Jurisdiction; concurrence of jurisdiction and hierarchy of courts. To be sure, the Court, the Court of Appeals and the Regional Trial Courts have concurrent jurisdiction to issue a writ of certiorari. Such concurrence of jurisdiction, however, does not give a party unbridled freedom to choose the venue of his action lest he run afoul of the doctrine of hierarchy of courts. Instead, a becoming regard for judicial hierarchy dictates that petitions for the issuance of writs of certiorari against first level courts should be filed with the Regional Trial Court, and those against the latter, with the Court of Appeals, before resort may be had before the Supreme Court. A.L. Ang Network, Inc. v. Emma Mondejar, accompanied by her husband, Efren Mondejar,G.R. No. 200804. January 22, 2014.
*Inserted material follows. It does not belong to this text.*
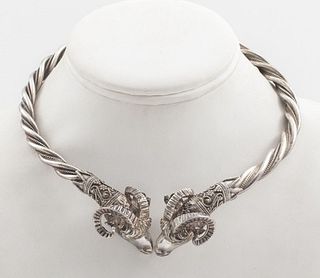 Sterling Silver Ram Head Choker Necklace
Jurisdiction; Justiciable question; definition. The Court clarified, too, that the issue of whether a Deputy Ombudsman may be subjected to the administrative disciplinary jurisdiction of the President (concurrently with that of the Ombudsman) is a justiciable – not a political – question. A justiciable question is one which is inherently susceptible of being decided on grounds recognized by law, as where the court finds that there are constitutionally-imposed limits on the exercise of the powers conferred on a political branch of the government. Emilio A. Gonzales III v. Office of the President, etc., et al./Wendell Bareras-Sulit v. Atty. Paquito N. Ochoa, Jr., et al.,G.R. No. 196231/G.R. No. 196232, January 28, 2014.

Jurisdiction; Small Claims cases. Hence, considering that small claims cases are exclusively within the jurisdiction of the Metropolitan Trial Courts, Municipal Trial Courts in Cities, Municipal Trial Courts, and Municipal Circuit Trial Courts, certiorari petitions assailing its dispositions should be filed before their corresponding Regional Trial Courts. This petitioner complied with when it instituted its petition for certiorari before the RTC which, as previously mentioned, has jurisdiction over the same. A.L. Ang Network, Inc. v. Emma Mondejar, accompanied by her husband, Efren Mondejar,G.R. No. 200804. January 22, 2014.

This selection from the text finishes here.